A special session was required to enact the budget and a second special session was called to adopt the gambling amendment which passed the house with the barest majority. Several Prince George’s County Democrats voted against the final measure.

And here’s a humorous twist to the entire proposition: The state has just awarded $5 million to the University of Maryland Medical Systems to establish a gambling addition center at the same time it is promoting approval of potential gambling addition by advocating a sixth casino. At a separate news conference almost simultaneously, three county executives—Ken Ulman of Howard County, Isaiah Leggett of Montgomery County and Baker of Prince George’s County—all cozy with the building trades unions, urged approval of Question 7 as a plan to create jobs.
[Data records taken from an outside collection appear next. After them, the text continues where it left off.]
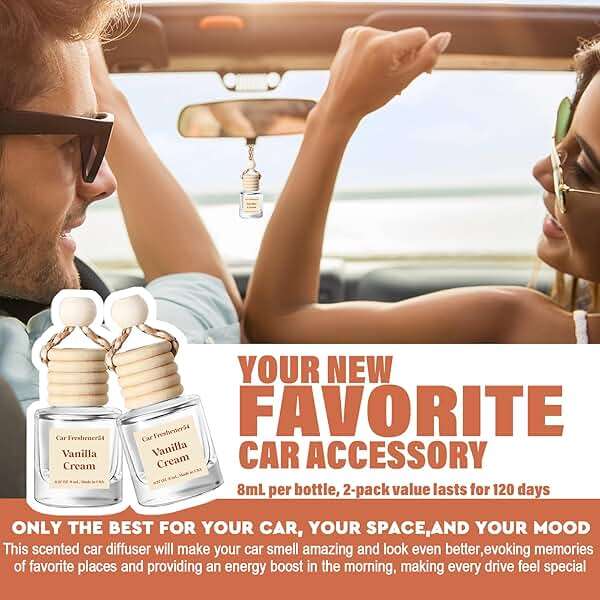 C Classy Hanging Car Air Freshener 2 Pack, Vanilla Cream Essential Oil Diffuser, Long-Lasting Fragrance, Cute Glass Bottle Car Accessories for Women & Men, Made in USA - Image 2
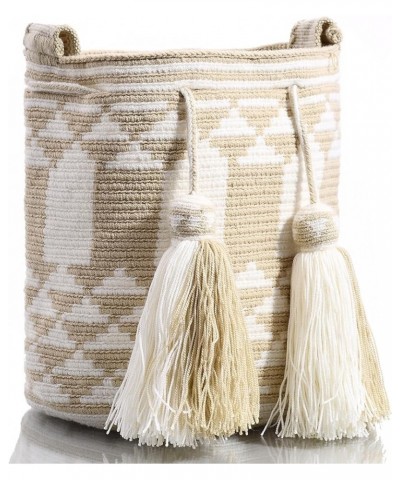 Designer Collection, Handwoven Hobo Bucket Bag in Wayuu Crochet Juba Pattern $54.83 Crossbody Bags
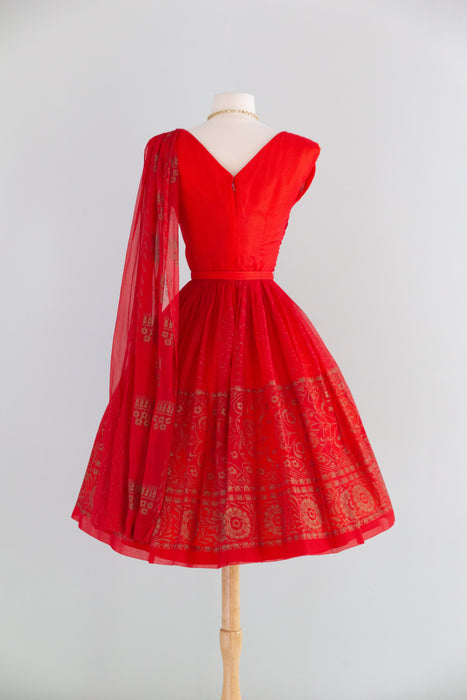 Glamorous 1950’s Sari Inspired Red & Gold Chiffon Party Dress | S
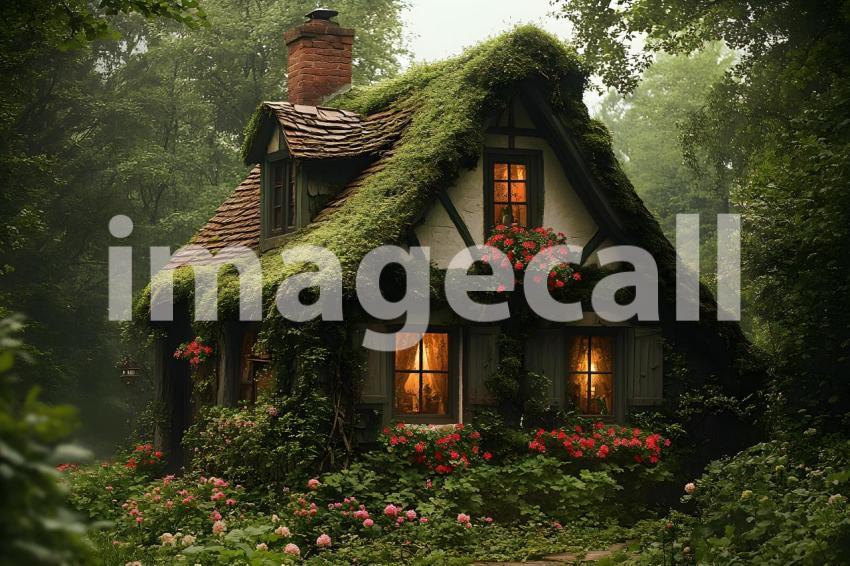 U3644368625 Fairytale cottage with a mossy roof vibrant flowe d6d7c2a2 1d23 4b31 82c6 d5c1f226525d 3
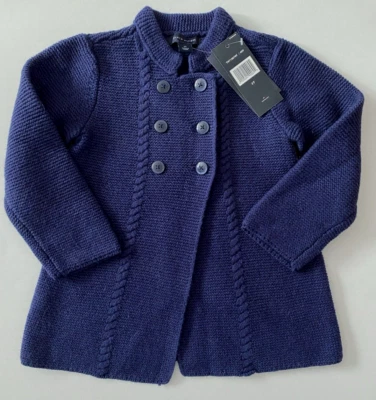 TOMMY HILFIGER Girls Cardigan Sweater Navy Button Up Cotton Blend Size 3T NWT - Image 1 of 3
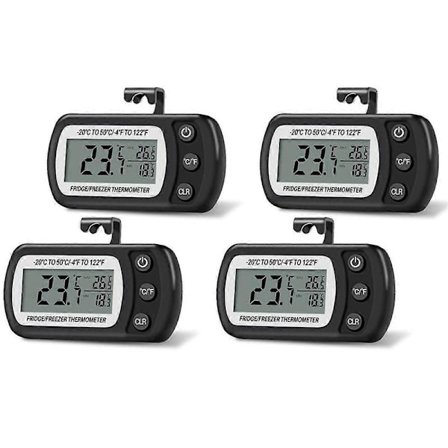4 st Digital Kylskåpstermometer Frys och Frysskåpstermometer med Stor LCD-Skärmställ för Rum Kök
Opponents of Question 7 argue about the fairness of a sixth casino to the owners and operators of the original five even though they would be compensated by a reduced tax rate against potential losses from the additional competition. No one knows what the cost to the state treasury will be. Penn National, operator of Hollywood Casino in Perryville, has recently turned back 500 of its original allotment of 1500 slot machines because of declining revenues. The casino at Ocean Downs, outside of Ocean City, has been measurably underperforming. Revenue projections by experts in and outside of state government have been widely inaccurate and highly overstated. 

There is, too, the question in Baltimore about a sixth casino cutting into local gambling revenue which is dedicated, perhaps prematurely, to reducing property taxes which are double those of any other subdivision in the state. And there is also a question about the wisdom of adding a sixth casino when only three of the original five are open and operating below expectations.

The reality of legalized gambling is that there are only so many recreational dollars to spread around. The other reality is that whenever gambling interests contaminate the political process the system breaks down under the weight of money.